Dabei helfen die Kompetenzen im Bereich der Misch- und Beschichtungstechnik sowie der Assemblierung. Die Batterie gilt als das Herz der Elektroautos – auf sie entfällt 30 bis 40 Prozent der Wertschöpfung eines E-Fahrzeugs. Rund 70 Prozent der Wertschöpfung der Batterie wiederum macht die Batteriezelle aus. Bereits jetzt sind viele Unternehmen beim Thema Batterieproduktion gut im Geschäft – allerdings international, vor allem in Korea, China, USA, Polen und Ungarn.

„Ein privates Investment in Deutschland in eine Großserien-Batteriezellproduktion gibt es bisher leider nicht“, sagt Birk. „Wir bedauern dies ausdrücklich.
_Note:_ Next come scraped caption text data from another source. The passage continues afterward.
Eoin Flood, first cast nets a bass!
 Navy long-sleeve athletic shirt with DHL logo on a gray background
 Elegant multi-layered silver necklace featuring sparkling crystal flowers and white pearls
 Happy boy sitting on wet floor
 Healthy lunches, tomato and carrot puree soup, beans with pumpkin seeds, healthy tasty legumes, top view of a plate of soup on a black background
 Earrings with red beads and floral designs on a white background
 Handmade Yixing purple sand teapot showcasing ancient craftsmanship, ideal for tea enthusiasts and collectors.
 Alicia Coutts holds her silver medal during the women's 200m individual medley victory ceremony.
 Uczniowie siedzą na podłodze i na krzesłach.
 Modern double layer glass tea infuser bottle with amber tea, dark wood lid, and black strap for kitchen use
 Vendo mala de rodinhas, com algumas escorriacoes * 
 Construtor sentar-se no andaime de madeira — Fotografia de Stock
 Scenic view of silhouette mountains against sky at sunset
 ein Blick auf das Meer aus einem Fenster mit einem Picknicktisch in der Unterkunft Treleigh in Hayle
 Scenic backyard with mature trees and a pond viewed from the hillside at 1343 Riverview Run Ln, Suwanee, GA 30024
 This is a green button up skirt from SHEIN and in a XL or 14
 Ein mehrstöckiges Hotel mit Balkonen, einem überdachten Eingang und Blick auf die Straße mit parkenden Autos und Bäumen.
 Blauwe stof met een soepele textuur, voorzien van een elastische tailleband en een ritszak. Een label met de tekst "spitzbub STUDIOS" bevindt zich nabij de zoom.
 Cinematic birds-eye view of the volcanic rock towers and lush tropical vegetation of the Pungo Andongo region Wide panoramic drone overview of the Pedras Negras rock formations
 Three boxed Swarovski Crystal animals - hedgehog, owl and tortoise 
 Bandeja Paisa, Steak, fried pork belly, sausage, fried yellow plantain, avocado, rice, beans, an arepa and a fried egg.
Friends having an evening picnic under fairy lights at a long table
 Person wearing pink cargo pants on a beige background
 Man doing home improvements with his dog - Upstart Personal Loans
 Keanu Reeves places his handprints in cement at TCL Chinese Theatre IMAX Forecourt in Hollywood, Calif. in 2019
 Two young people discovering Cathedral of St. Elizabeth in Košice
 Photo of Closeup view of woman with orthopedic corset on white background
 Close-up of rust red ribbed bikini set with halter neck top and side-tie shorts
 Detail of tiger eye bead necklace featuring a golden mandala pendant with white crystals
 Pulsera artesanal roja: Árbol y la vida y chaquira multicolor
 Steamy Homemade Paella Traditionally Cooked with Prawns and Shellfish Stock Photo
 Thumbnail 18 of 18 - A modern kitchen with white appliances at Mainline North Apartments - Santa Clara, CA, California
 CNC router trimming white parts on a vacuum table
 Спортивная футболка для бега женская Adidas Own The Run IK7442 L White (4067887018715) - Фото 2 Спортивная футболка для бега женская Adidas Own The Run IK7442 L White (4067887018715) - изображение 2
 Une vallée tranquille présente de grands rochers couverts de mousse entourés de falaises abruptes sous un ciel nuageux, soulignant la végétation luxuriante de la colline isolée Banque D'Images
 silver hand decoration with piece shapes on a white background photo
Eine Zellproduktion in Deutschland wäre sehr zu begrüßen, vor allem wegen kurzer Wege, einem engen Austausch und der kulturellen Nähe, da die Entwicklung der Anlagen in starker Kooperation mit den Zellherstellern erfolgt.“ Er befürchtet, dass der Industrie hierzulande die Zeit davonläuft. „Eine Batteriefabrik für Großserie aufzubauen, dauert bis zu vier Jahre“, gibt er zu bedenken. Er plädiert daher für eine zügige Entscheidung. „Wir Maschinenbauer appellieren an die Automobilhersteller, sich zusammen zu setzen und Lösungen zu finden, bevor der Zug abgefahren ist. Mit seiner Forschungsinfrastruktur, seinen Autoherstellern, Zulieferern und Maschinen- und Anlagenbauern ist der Standort Baden-Württemberg für die Batterieproduktion prädestiniert.“

Doch auch in der Optimierung des Verbrennungsmotors stecke weiter Potenzial, sagt Birk, er dürfe daher nicht vernachlässigt werden. Die Fokussierung einiger Märkte auf Batteriefahrzeuge, in Zusammenhang mit der Tatsache, dass nicht alles mit Batterien lösbar ist – so zum Beispiel im Schwerlastverkehr – berge nachhaltige Chancen für den Technologieführer Deutschland in diesem Bereich. „Der Maschinenbau sieht in der Optimierung der Kombination von Verbrennungs- und Elektromotor weiter große Chancen für weltweit wettbewerbsfähige Mobilitätskonzepte“, ergänzt Birk.